Iron Out, Monopoly?

In 1936, Parker Brothers introduced Monopoly after purchasing the rights from the person they thought had invented the game. However, despite what the flimsy pamphlet in most Monopoly sets has always maintained, the board game was not, in fact, birthed during the Depression by a down-on-his-luck, unemployed heating engineer named Charles Darrow, ideating out on his kitchen table a game that would enable him to recall happier days in Atlantic City.

Numerous variations had been in existence for years prior. For example, in 1931, a guy called Louis Thun produced an incipient version of the game. In his flimsy four-page pamphlet that came with the game, the rules were set out containing this ironic quote: "Monopoly is designed to show the evils resulting from the institution of private property." If the irony is lost on you, that's because you haven't been following the decades-long lawsuits flying around, trying to decide what person, persons or company actually has the Monopoly on Monopoly.

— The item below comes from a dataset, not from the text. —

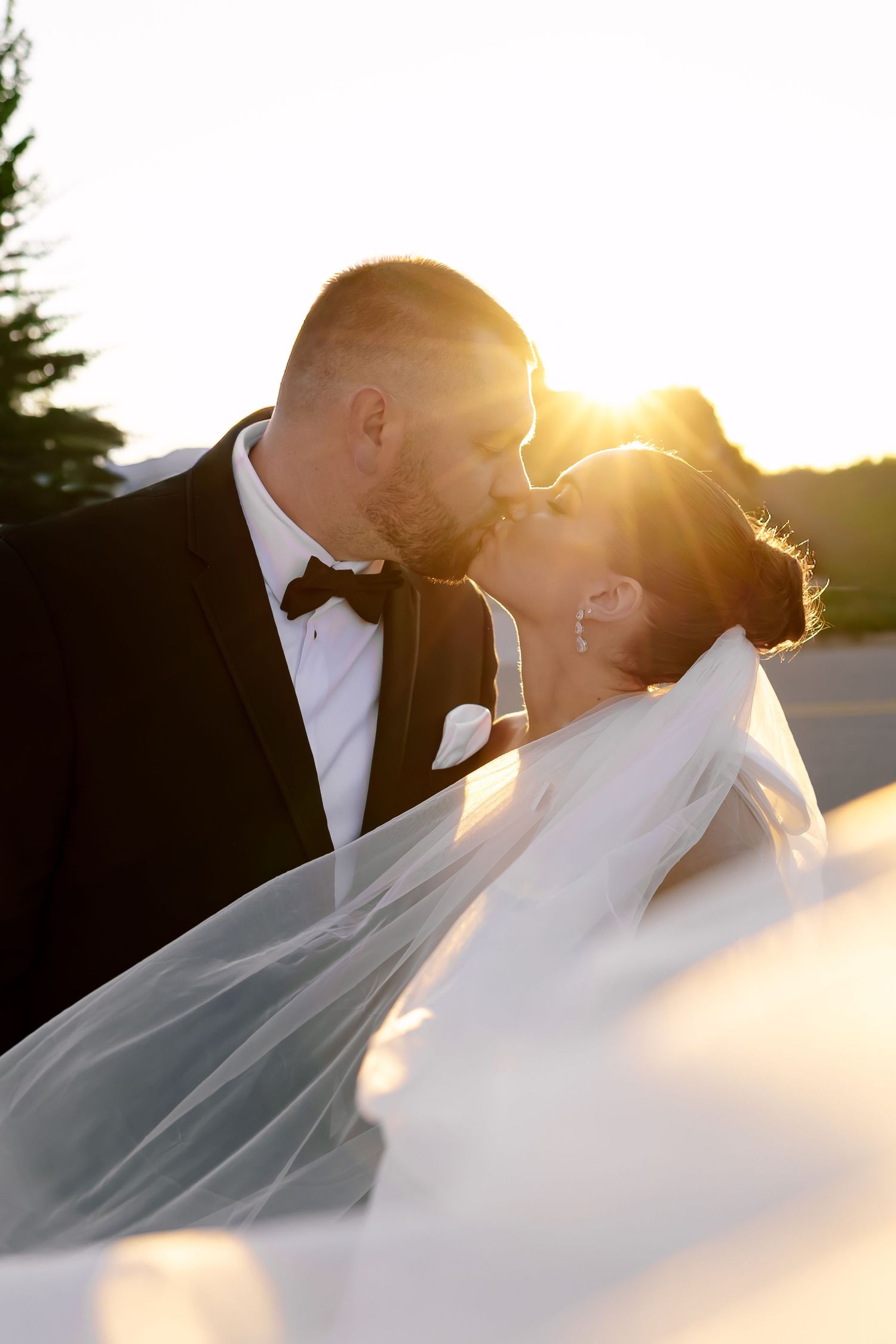 Golden sunset light creates silhouette of wedding couple with flowing veil.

Meantime, Hasbro, who produces Monopoly presently, was busy some months ago rewriting the history of the game in its own way. In an attempt to spark fresh interest in an old game, the company created two polls on the Internet to help decide the future of some of the game's playing pieces. (Ah, marketing driving product... after Mustafa trotted in shirtless on a horse, every ancient brand thinks they're going to be the Old Spice of X.)

The first poll that appeared on Hasbro's Web site asked people to vote for a brand new playing piece. Of the five choices (robot, helicopter, ring, guitar and cat), it was--surprise, surprise--the feline for the win. Alex wrote about that, if you recall. Then, over on Monopoly's Facebook page, in a quasi-reality-show format, fans were asked to vote one of the classic playing pieces "off the island" via a special contest called Save Your Token. The fate of the car, the thimble, the boot, Scottie the dog, the battleship, the hat, the iron and the wheelbarrow hung on every click.

Ultimately, it wasn't the boot that got the boot, rather the iron. Daily Show writer Daniel Radosh had this to tweet upon hearing the news:

So what do you think of this, er, move? Would you have rather they left well enough alone? Are you looking forward to buying the new set with the new piece? Let us know in the comments below...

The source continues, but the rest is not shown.